*Your task*. Print a faithful copy of the data below, word for word, with the pictures left out.

[Web page caption snippets]
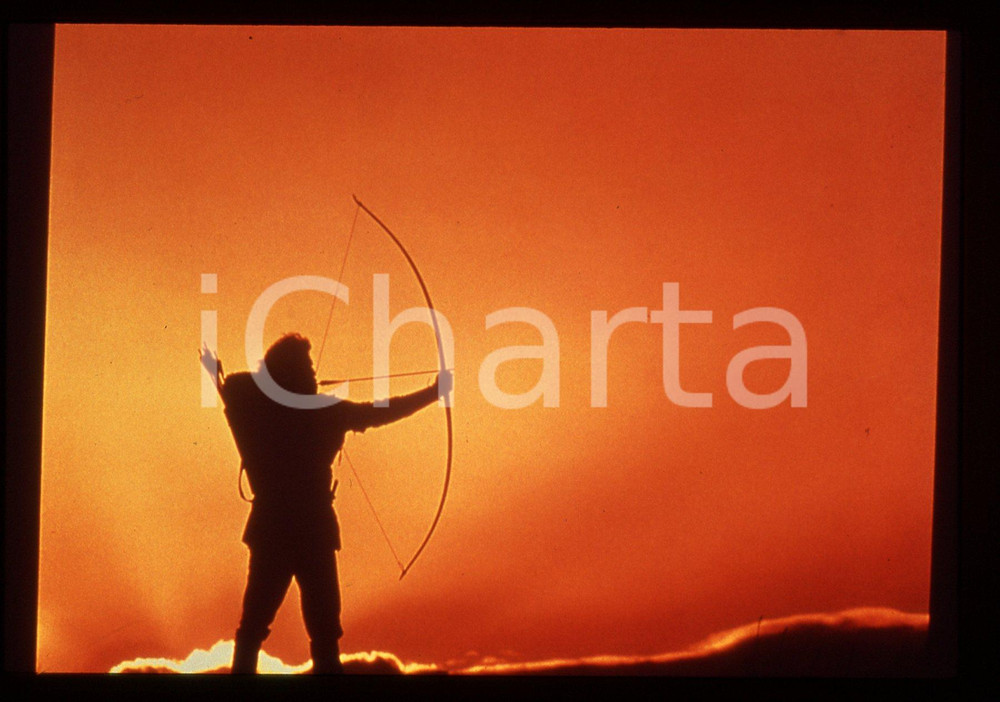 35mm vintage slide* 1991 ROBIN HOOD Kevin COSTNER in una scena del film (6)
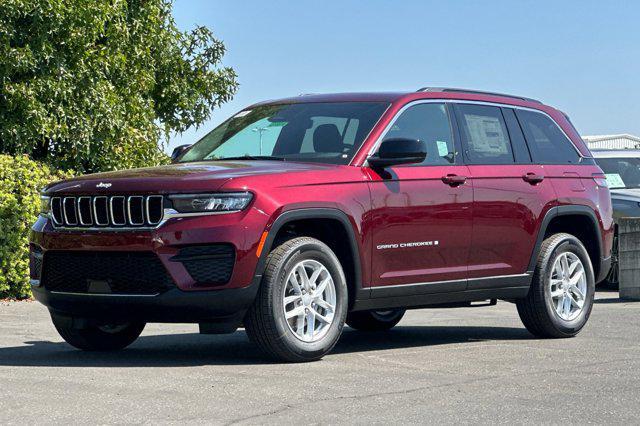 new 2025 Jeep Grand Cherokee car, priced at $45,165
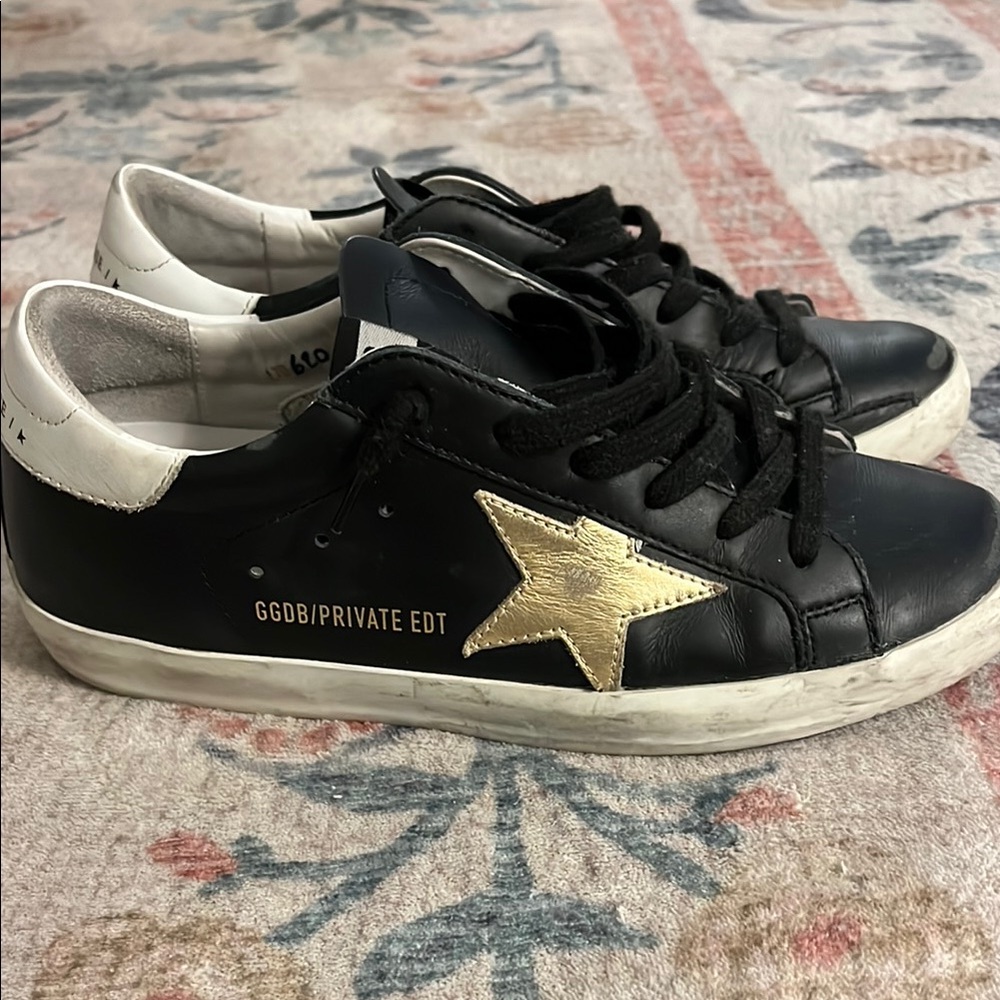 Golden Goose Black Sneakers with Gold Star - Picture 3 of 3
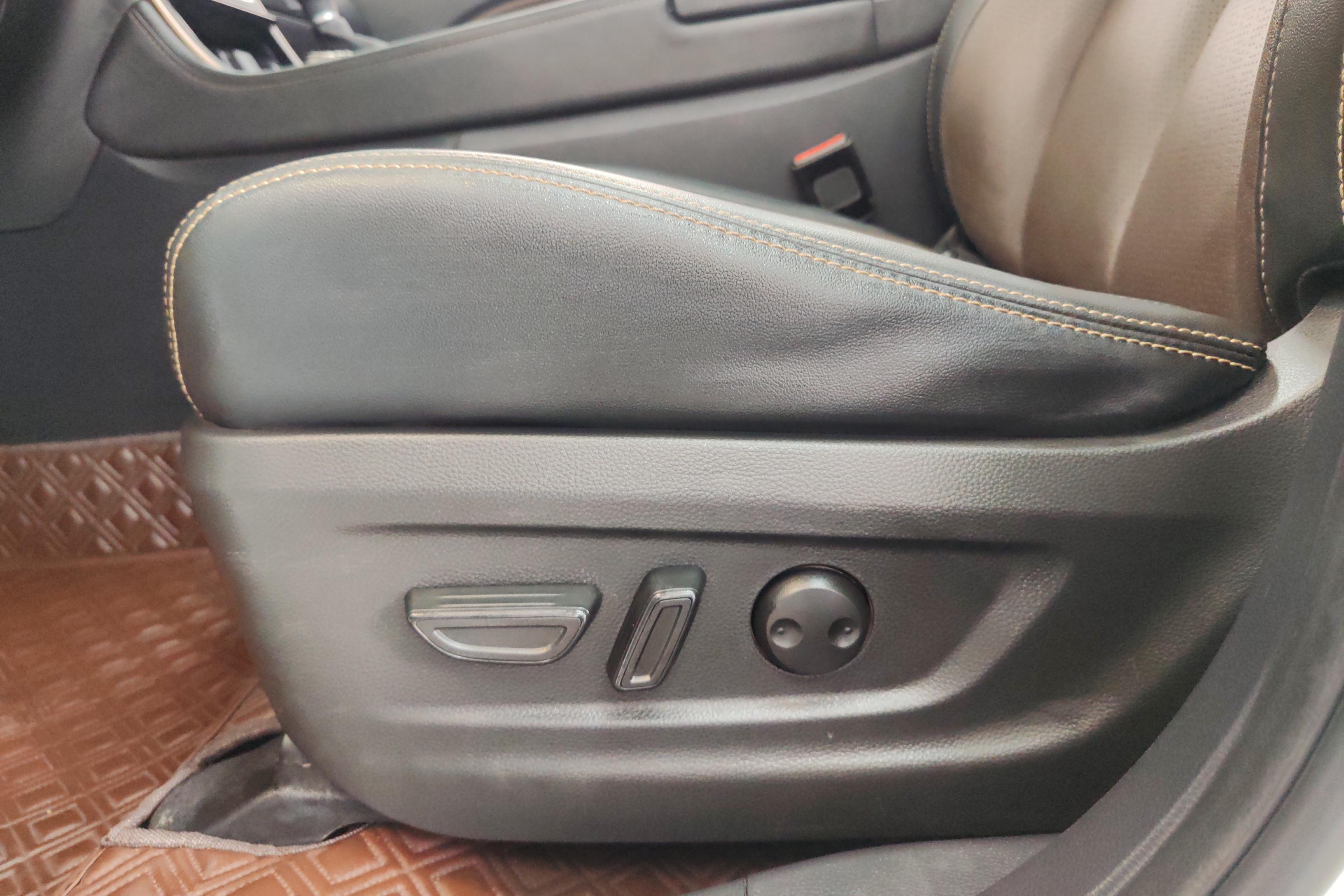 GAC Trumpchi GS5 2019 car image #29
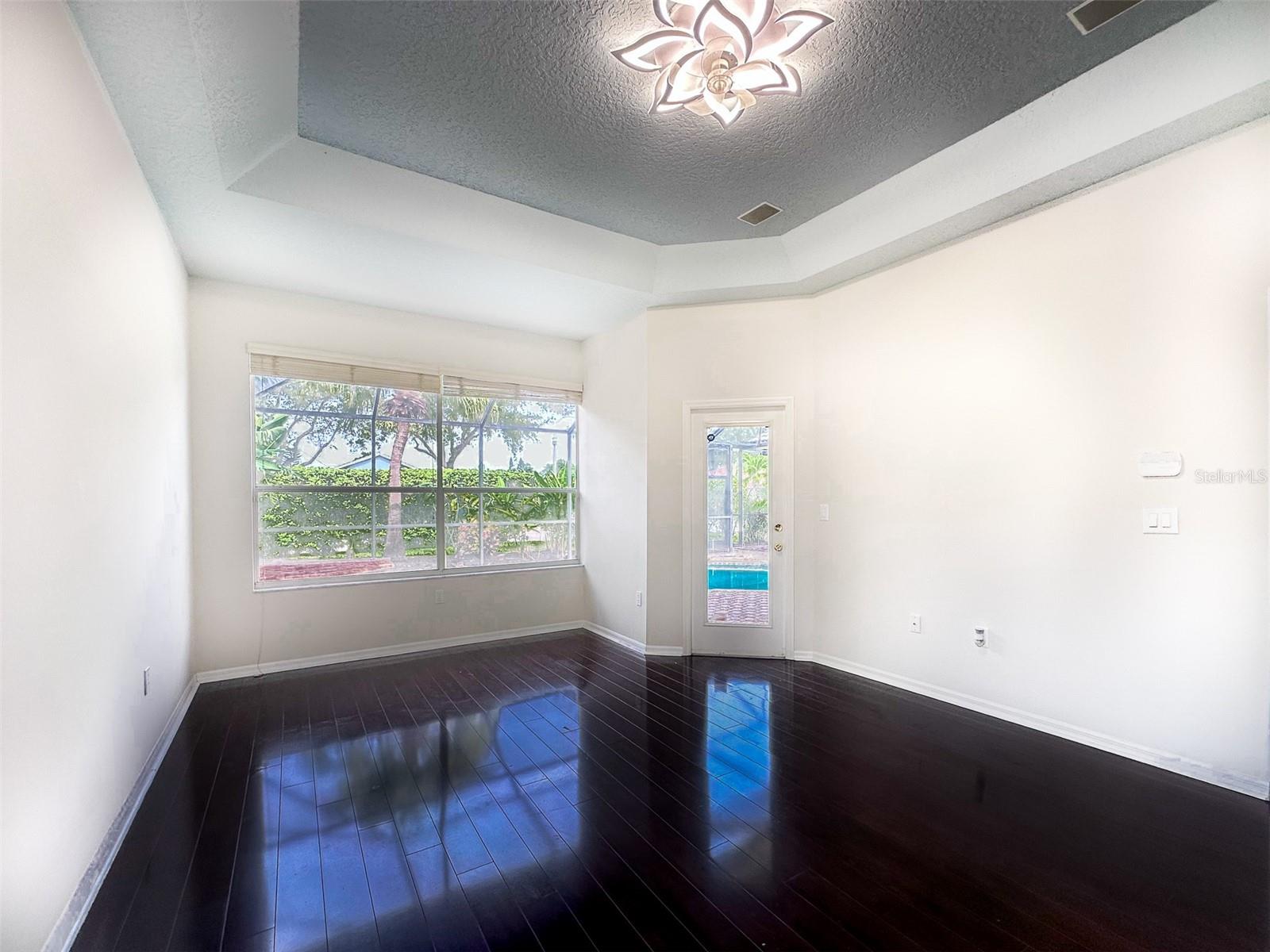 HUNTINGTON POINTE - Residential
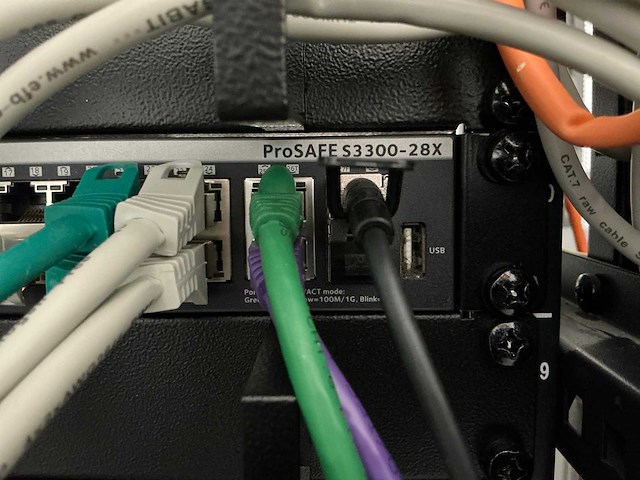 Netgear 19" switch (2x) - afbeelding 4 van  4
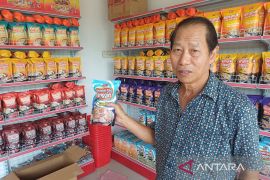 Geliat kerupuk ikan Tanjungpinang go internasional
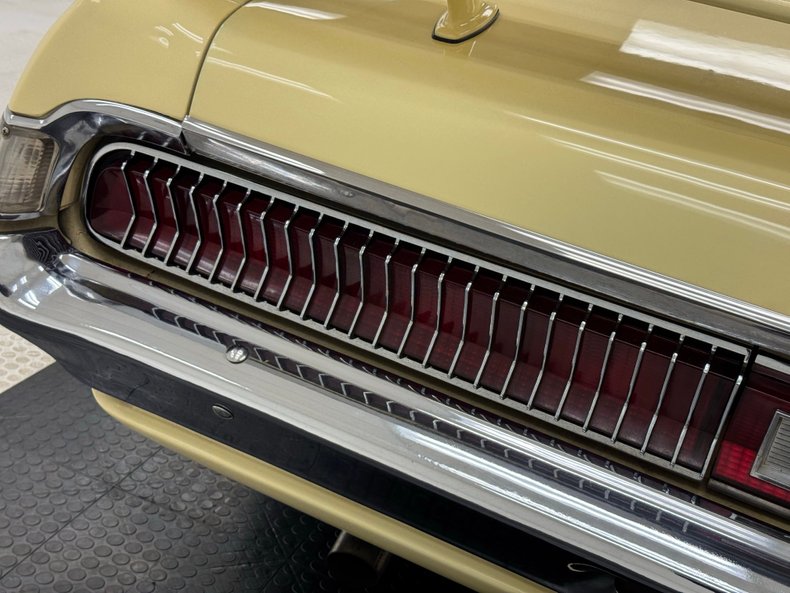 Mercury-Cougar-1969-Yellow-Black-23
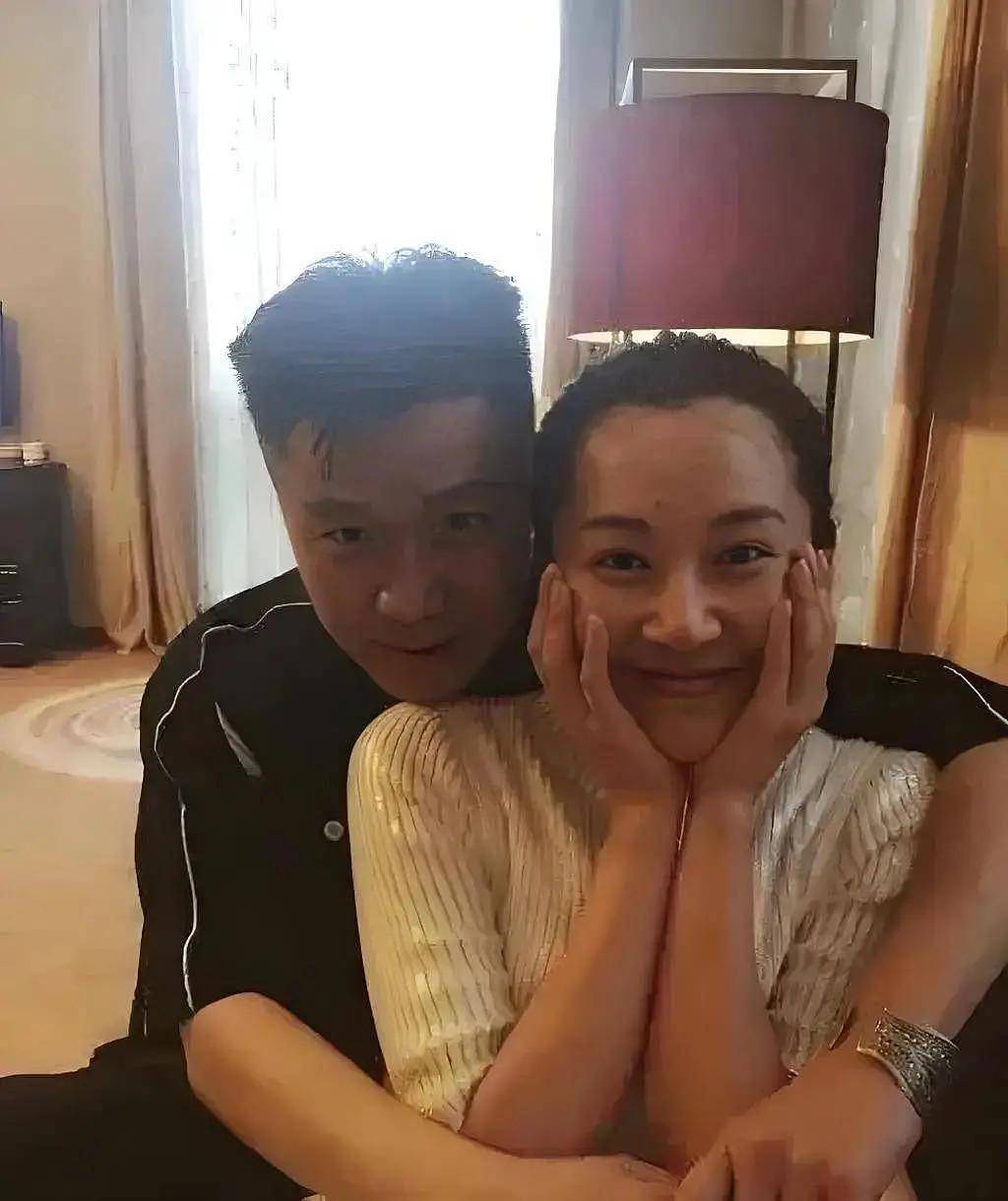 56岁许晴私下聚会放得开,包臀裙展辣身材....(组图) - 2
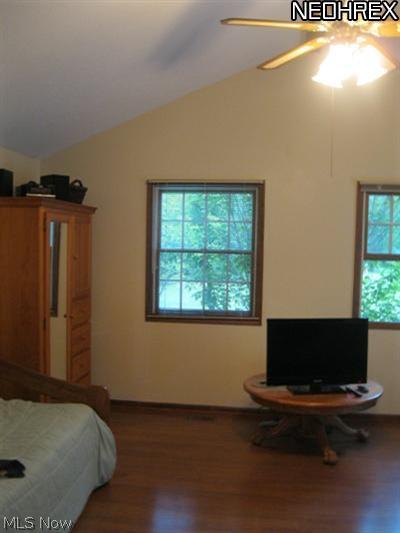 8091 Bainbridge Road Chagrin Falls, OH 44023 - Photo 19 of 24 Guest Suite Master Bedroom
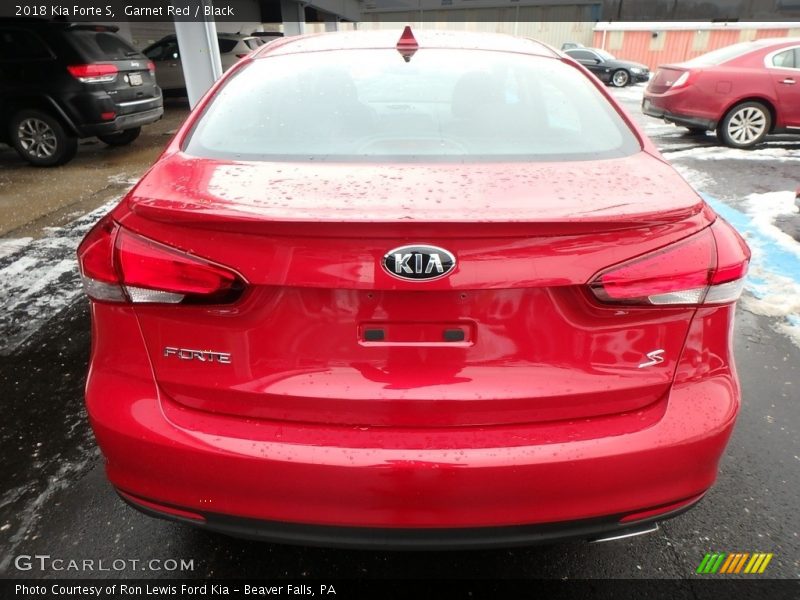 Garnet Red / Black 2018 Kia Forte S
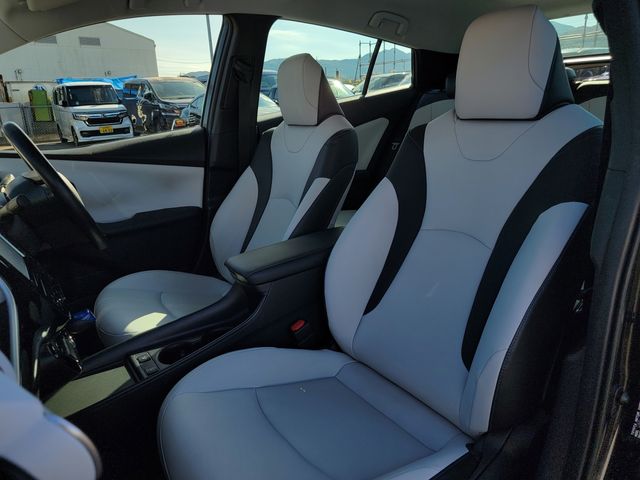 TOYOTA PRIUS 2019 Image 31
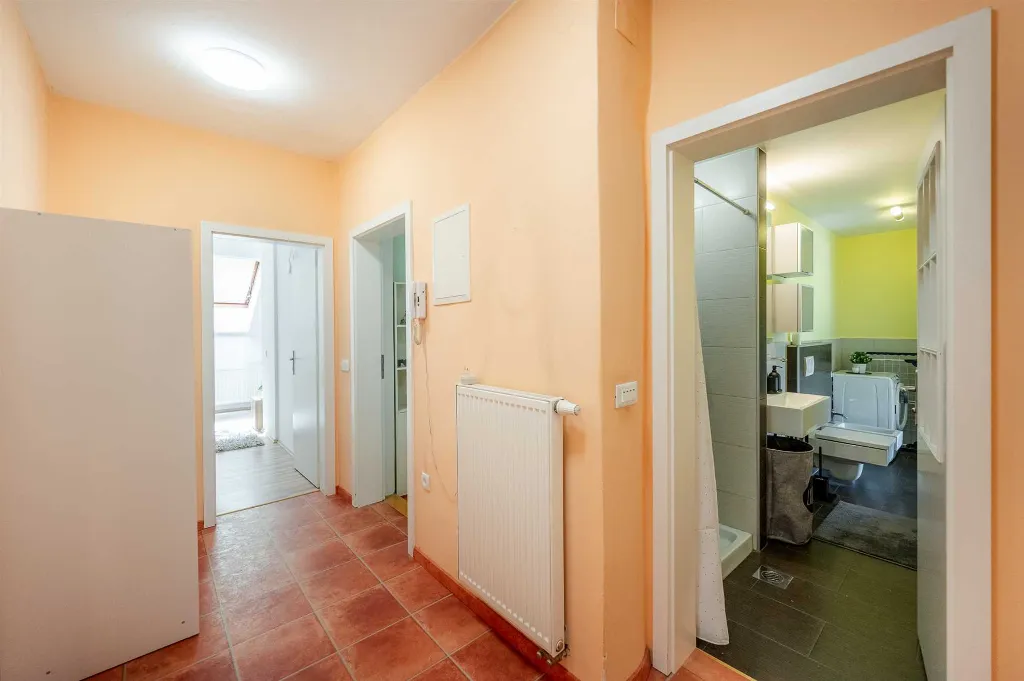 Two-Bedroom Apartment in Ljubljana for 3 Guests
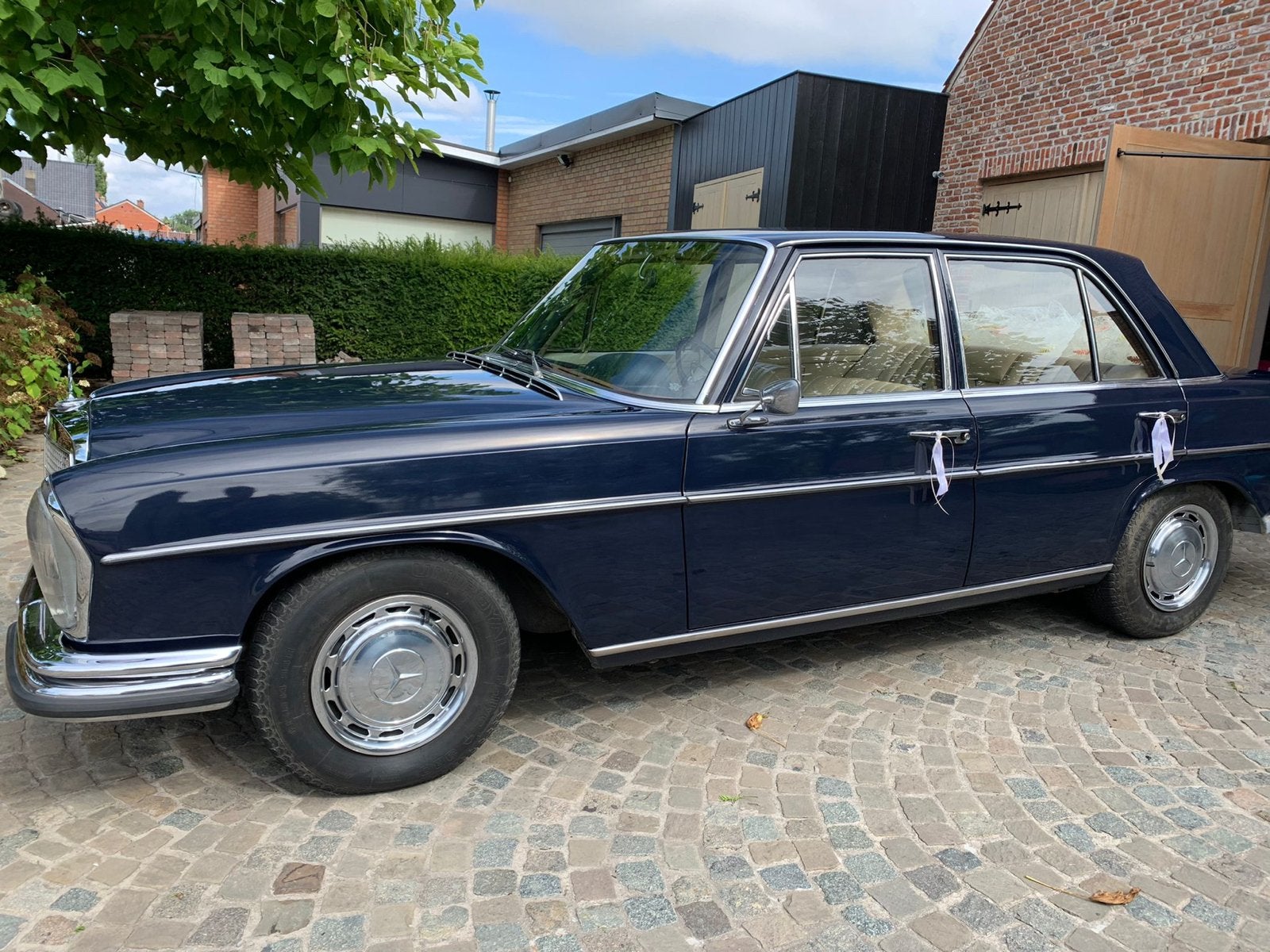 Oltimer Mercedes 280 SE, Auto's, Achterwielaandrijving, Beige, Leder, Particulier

*Solution to the problem*.
 35mm vintage slide* 1991 ROBIN HOOD Kevin COSTNER in una scena del film (6)
 new 2025 Jeep Grand Cherokee car, priced at $45,165
 Golden Goose Black Sneakers with Gold Star - Picture 3 of 3
 GAC Trumpchi GS5 2019 car image #29
 HUNTINGTON POINTE - Residential
 Netgear 19" switch (2x) - afbeelding 4 van  4
 Geliat kerupuk ikan Tanjungpinang go internasional
 Mercury-Cougar-1969-Yellow-Black-23
 56岁许晴私下聚会放得开,包臀裙展辣身材....(组图) - 2
 8091 Bainbridge Road Chagrin Falls, OH 44023 - Photo 19 of 24 Guest Suite Master Bedroom
 Garnet Red / Black 2018 Kia Forte S
 TOYOTA PRIUS 2019 Image 31
 Two-Bedroom Apartment in Ljubljana for 3 Guests
 Oltimer Mercedes 280 SE, Auto's, Achterwielaandrijving, Beige, Leder, Particulier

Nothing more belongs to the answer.